• GIVEN RECORDS

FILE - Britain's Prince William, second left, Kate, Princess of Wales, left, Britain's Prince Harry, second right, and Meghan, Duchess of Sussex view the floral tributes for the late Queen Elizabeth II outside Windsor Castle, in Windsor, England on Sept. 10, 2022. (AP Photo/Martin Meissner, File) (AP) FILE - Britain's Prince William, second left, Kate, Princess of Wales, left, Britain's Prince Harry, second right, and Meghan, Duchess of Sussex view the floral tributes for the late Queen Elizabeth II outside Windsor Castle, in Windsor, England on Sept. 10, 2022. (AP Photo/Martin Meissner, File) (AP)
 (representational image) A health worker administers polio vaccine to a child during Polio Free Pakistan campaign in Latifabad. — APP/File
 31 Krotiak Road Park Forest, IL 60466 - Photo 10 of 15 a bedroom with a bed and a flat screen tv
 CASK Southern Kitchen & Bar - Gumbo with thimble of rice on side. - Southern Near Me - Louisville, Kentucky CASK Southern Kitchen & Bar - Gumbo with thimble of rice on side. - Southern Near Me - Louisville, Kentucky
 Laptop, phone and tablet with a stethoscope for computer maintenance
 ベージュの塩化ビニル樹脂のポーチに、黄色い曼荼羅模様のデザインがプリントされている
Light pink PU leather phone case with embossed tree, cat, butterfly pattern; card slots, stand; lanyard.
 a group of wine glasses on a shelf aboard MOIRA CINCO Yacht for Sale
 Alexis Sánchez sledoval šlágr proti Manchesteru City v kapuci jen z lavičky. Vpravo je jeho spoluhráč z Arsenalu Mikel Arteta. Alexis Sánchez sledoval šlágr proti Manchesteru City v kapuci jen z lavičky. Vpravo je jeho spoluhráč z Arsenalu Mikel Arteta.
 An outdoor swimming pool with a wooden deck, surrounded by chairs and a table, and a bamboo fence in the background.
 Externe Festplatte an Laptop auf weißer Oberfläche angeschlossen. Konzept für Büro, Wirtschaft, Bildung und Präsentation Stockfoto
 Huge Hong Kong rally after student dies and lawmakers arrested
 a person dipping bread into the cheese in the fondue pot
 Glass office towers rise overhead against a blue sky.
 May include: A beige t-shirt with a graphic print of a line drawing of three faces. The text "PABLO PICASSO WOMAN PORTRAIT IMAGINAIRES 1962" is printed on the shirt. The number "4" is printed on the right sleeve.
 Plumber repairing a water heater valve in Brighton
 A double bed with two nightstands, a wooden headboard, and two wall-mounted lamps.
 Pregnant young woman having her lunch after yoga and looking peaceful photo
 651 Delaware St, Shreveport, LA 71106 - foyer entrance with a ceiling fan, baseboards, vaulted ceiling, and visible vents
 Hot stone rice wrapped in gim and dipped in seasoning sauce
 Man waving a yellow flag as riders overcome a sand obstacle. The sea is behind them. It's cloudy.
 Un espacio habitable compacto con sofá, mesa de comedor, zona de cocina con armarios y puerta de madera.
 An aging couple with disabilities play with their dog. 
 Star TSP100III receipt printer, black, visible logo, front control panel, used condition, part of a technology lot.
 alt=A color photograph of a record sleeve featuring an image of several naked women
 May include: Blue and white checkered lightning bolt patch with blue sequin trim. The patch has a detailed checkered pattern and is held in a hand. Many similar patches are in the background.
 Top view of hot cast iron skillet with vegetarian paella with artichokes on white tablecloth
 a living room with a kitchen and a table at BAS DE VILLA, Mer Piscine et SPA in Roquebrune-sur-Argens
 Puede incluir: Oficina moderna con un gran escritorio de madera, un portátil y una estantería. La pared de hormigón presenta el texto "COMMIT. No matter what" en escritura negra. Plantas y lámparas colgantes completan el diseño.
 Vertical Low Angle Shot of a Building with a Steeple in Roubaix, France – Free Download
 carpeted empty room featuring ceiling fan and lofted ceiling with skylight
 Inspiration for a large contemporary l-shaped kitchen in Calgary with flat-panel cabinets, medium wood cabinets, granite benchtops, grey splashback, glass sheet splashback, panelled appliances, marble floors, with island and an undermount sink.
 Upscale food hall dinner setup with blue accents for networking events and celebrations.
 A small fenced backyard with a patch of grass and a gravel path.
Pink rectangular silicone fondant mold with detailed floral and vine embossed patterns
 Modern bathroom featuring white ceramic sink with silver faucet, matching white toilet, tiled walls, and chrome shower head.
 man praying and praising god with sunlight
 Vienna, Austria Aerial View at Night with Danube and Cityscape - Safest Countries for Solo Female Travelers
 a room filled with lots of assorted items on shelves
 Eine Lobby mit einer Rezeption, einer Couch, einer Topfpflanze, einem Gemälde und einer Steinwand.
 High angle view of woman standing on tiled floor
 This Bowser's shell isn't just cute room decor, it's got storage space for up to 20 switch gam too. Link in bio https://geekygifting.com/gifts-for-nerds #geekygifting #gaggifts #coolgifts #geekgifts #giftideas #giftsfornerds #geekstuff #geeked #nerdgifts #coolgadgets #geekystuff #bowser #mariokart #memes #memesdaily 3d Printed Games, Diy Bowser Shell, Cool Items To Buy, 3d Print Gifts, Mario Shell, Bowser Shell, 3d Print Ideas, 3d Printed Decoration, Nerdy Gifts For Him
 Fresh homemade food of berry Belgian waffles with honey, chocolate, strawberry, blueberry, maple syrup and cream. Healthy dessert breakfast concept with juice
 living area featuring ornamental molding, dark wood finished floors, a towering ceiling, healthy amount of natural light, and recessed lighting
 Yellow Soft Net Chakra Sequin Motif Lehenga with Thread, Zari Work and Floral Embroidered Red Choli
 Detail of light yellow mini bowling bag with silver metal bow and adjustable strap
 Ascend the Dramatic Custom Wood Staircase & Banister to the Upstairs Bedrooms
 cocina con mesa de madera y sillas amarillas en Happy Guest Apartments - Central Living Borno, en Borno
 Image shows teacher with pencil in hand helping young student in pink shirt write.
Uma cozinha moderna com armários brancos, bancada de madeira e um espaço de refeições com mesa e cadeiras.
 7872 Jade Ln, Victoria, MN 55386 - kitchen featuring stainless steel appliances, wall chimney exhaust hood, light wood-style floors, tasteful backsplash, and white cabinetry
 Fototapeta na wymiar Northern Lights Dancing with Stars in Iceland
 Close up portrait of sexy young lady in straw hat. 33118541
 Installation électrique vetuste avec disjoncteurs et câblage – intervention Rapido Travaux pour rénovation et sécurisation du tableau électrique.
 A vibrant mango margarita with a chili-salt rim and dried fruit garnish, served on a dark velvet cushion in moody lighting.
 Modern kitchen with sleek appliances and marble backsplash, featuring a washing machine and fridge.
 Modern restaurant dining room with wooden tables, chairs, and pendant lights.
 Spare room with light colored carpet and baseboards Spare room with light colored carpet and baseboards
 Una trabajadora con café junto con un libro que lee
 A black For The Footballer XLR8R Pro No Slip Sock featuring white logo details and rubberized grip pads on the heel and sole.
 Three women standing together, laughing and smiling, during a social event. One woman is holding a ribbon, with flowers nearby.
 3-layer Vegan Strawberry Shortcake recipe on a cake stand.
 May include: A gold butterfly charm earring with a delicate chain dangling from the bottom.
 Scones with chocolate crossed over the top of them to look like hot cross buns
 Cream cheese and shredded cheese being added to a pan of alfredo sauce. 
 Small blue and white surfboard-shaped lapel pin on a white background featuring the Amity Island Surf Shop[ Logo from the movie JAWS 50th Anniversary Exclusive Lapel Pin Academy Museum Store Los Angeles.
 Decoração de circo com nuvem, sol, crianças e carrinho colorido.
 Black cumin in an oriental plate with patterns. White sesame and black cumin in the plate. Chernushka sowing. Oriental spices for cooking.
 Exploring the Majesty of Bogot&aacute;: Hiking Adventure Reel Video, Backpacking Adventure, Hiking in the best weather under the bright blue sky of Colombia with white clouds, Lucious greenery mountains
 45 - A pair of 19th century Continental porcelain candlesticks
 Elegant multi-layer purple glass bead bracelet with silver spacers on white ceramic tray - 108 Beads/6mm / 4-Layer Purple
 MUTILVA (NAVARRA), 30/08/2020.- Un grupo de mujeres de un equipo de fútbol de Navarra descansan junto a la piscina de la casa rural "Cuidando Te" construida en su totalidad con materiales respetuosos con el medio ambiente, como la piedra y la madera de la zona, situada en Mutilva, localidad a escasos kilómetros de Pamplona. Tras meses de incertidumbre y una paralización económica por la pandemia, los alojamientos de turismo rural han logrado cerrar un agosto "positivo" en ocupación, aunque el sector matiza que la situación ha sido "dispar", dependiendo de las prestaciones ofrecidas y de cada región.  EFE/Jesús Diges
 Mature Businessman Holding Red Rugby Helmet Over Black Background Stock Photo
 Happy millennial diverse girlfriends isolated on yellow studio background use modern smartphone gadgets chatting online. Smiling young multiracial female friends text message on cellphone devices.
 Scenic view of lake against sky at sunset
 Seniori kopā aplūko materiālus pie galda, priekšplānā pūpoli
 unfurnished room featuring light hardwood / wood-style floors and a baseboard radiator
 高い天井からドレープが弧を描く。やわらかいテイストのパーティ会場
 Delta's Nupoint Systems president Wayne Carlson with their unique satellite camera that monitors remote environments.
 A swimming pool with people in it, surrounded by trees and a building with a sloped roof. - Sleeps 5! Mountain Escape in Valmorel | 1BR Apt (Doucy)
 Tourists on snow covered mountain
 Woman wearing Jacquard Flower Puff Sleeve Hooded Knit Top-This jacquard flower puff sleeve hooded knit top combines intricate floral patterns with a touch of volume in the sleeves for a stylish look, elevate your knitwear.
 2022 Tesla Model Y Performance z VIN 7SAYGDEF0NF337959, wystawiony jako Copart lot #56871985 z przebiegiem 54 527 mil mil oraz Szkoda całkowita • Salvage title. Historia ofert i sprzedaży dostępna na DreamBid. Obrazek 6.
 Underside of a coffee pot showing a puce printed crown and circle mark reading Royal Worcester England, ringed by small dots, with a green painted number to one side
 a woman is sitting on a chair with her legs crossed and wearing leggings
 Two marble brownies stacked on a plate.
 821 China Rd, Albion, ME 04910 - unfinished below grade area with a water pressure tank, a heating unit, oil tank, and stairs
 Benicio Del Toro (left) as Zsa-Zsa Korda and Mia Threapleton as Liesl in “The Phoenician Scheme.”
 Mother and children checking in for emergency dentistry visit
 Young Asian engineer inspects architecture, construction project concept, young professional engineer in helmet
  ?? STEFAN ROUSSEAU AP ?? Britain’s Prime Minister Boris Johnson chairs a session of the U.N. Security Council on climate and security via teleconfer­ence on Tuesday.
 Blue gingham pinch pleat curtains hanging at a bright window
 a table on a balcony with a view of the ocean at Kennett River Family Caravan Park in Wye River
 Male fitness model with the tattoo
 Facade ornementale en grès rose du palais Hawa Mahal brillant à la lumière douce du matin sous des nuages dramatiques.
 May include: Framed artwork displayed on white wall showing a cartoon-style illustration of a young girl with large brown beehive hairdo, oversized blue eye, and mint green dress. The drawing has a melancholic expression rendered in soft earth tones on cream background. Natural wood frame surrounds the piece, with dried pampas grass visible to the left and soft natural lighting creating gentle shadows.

• ASSIGNMENT
Only the lines above from the one with "This Bowser's shell" up to and including the one with "Uma cozinha moderna" should be repeated, exactly as written.

• YOUR RESPONSE
 This Bowser's shell isn't just cute room decor, it's got storage space for up to 20 switch gam too. Link in bio https://geekygifting.com/gifts-for-nerds #geekygifting #gaggifts #coolgifts #geekgifts #giftideas #giftsfornerds #geekstuff #geeked #nerdgifts #coolgadgets #geekystuff #bowser #mariokart #memes #memesdaily 3d Printed Games, Diy Bowser Shell, Cool Items To Buy, 3d Print Gifts, Mario Shell, Bowser Shell, 3d Print Ideas, 3d Printed Decoration, Nerdy Gifts For Him
 Fresh homemade food of berry Belgian waffles with honey, chocolate, strawberry, blueberry, maple syrup and cream. Healthy dessert breakfast concept with juice
 living area featuring ornamental molding, dark wood finished floors, a towering ceiling, healthy amount of natural light, and recessed lighting
 Yellow Soft Net Chakra Sequin Motif Lehenga with Thread, Zari Work and Floral Embroidered Red Choli
 Detail of light yellow mini bowling bag with silver metal bow and adjustable strap
 Ascend the Dramatic Custom Wood Staircase & Banister to the Upstairs Bedrooms
 cocina con mesa de madera y sillas amarillas en Happy Guest Apartments - Central Living Borno, en Borno
 Image shows teacher with pencil in hand helping young student in pink shirt write.
Uma cozinha moderna com armários brancos, bancada de madeira e um espaço de refeições com mesa e cadeiras.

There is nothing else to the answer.